Provided records section start
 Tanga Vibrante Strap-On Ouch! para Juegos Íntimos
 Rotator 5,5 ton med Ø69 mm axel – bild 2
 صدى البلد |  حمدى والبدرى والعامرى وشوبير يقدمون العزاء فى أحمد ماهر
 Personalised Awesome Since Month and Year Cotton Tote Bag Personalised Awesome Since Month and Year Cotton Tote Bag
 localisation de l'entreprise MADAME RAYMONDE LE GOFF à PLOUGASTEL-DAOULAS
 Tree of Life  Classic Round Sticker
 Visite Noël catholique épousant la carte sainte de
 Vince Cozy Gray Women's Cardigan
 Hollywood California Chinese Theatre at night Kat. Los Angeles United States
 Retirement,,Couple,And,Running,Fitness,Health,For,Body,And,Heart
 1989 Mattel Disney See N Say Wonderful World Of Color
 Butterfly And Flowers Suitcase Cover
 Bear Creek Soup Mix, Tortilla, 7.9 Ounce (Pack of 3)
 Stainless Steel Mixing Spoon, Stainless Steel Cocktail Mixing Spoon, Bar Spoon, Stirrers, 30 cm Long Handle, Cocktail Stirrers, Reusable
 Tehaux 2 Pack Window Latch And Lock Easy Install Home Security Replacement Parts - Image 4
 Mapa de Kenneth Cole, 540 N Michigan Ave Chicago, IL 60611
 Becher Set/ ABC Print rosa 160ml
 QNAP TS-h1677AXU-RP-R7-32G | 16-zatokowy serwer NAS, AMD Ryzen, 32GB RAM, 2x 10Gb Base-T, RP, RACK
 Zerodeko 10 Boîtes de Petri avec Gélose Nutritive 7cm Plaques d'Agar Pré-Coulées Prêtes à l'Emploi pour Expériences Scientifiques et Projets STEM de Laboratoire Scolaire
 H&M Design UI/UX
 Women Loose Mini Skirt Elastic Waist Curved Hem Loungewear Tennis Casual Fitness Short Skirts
Provided records section end
Copy out, in full, each line above that has the word "Pack" in it.

 Bear Creek Soup Mix, Tortilla, 7.9 Ounce (Pack of 3)
 Tehaux 2 Pack Window Latch And Lock Easy Install Home Security Replacement Parts - Image 4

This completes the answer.